Le ministre Adama Coulibaly, en charge de l’Économie, des Finances et du Budget de la Côte d’Ivoire, a officié ce mercredi à Cocody lors de l’inauguration des nouveaux locaux du Centre d’Information du Groupe intergouvernemental d’action contre le blanchiment d’argent en Afrique (GIABA). Cette cérémonie a marqué la remise des clés d’une infrastructure stratégique, fruit d’un partenariat étroit entre l’État ivoirien et le GIABA, conformément aux engagements issus de l’Accord de Siège.
Ce projet s’inscrit dans une dynamique régionale visant à consolider les dispositifs de lutte contre la criminalité financière, un fléau en constante mutation. Les circuits de blanchiment et les méthodes de financement illicite gagnent en complexité, obligeant les autorités à renforcer leur coopération transfrontalière.
L’idée d’un Centre d’Information à Abidjan remonte à une décision historique prise par les ministres de la CEDEAO lors de leur 65e session ordinaire, le 26 novembre 2010 à Abuja. Ce choix avait abouti à la création de deux pôles : Lagos pour les pays anglophones et Abidjan pour les États francophones et lusophones, répondant ainsi aux besoins spécifiques de chaque sous-région.
Le Centre ivoirien a été inauguré le 21 septembre 2015, après la signature de l’Accord de Siège entre la Côte d’Ivoire et le GIABA, lors du 44e sommet des chefs d’État de la CEDEAO à Yamoussoukro.
Une infrastructure au service de la coopération régionale
Lors de son discours, le ministre Coulibaly a souligné l’importance cruciale de ce Centre dans la lutte contre les flux financiers illicites et le financement du terrorisme. Une approche collective est indispensable pour contrer ces menaces, a-t-il insisté, car aucun pays ne peut agir efficacement seul face à un phénomène aussi protéiforme.
Ce Centre se positionne comme une plateforme dédiée à la formation, à la sensibilisation et à l’échange d’informations, au bénéfice des États membres de la CEDEAO. Son objectif ? Devenir un outil d’excellence pour la prévention et la répression des activités financières illégales.
Un bilan déjà marqué par des actions concrètes
Le Directeur général du GIABA, Edwin W. Harris Jr., a retracé les réalisations du Centre depuis 2015. Parmi ses initiatives phares : des journées portes ouvertes pour les jeunes, des conférences publiques, des concours d’art oratoire et des séminaires de sensibilisation ciblant les médias, les leaders religieux et la société civile.
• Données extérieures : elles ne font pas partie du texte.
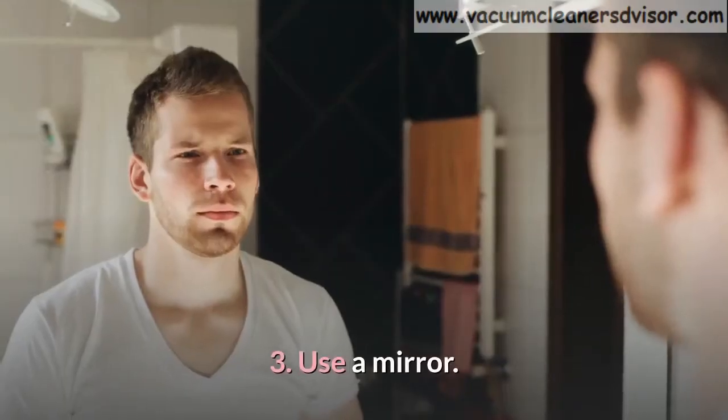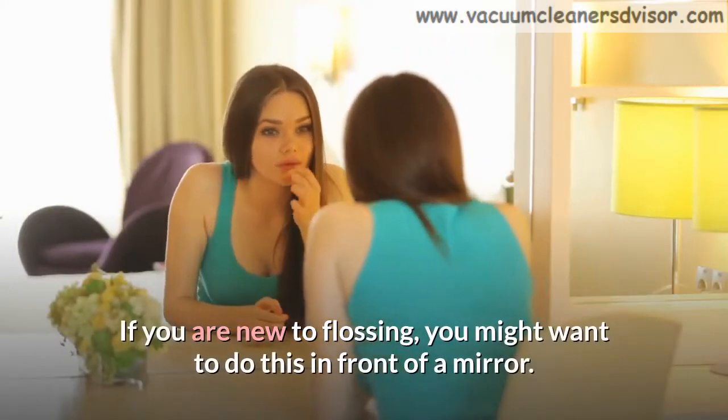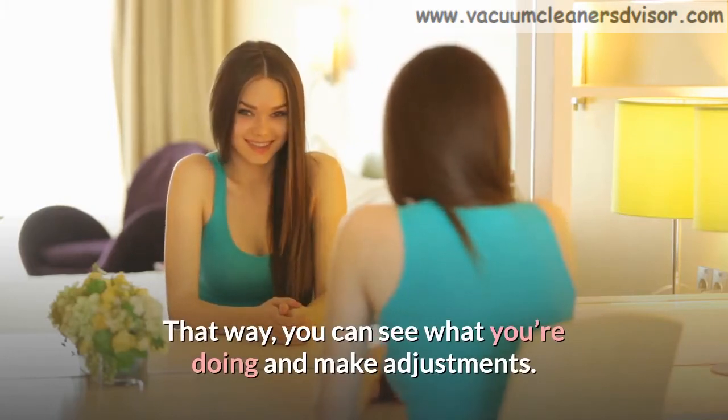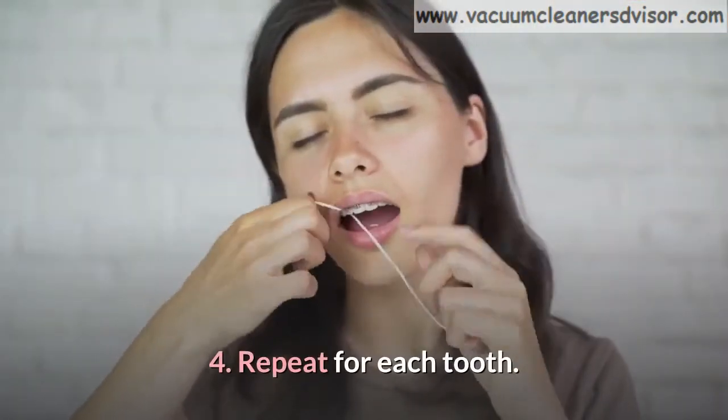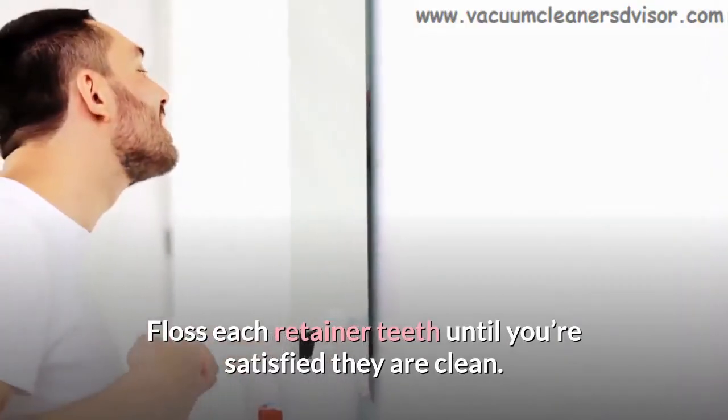Step 3: Use a mirror. If you are new to flossing, you might want to do this in front of a mirror. That way, you can see what you're doing and make adjustments. Step 4: Repeat for each tooth. Floss each retainer tooth until you're satisfied they are clean.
Le Centre a également joué un rôle clé dans le renforcement des capacités des États, notamment à travers des évaluations mutuelles. Avec ses nouveaux locaux, il entend franchir une nouvelle étape et s’imposer comme un carrefour régional du savoir et de l’innovation dans la lutte contre le blanchiment et le financement du terrorisme.
Un espace dédié à la jeunesse et aux professionnels
Edwin W. Harris Jr. a appelé l’ensemble des acteurs — administrations publiques, institutions financières, universités, médias, organisations de la société civile et partenaires techniques — à s’approprier ce lieu. Une attention particulière sera accordée aux jeunes, aux étudiants et aux chercheurs, afin de promouvoir l’intégrité et la bonne gouvernance.
L’une des innovations majeures des nouveaux locaux réside dans l’intégration d’un Centre de Formation Assistée par Ordinateur (CBT). Ce dispositif permettra de dispenser des modules adaptés aux besoins des différents publics : autorités compétentes, institutions financières, magistrats, services d’enquête, universitaires et autres acteurs impliqués dans la lutte contre la criminalité financière.
Les formations, conçues sur mesure, pourront être sanctionnées par des certificats, renforçant ainsi l’expertise régionale dans ce domaine stratégique.
Un héritage pour la région
Cette inauguration prend une dimension particulière pour Edwin W. Harris Jr., dont le mandat à la tête du GIABA s’achève fin août 2026. Les nouveaux locaux, inaugurés à quelques jours de son départ, incarnent une volonté de pérenniser les efforts de coopération, de partage d’informations et de développement des compétences en matière de lutte contre le blanchiment de capitaux et le financement du terrorisme.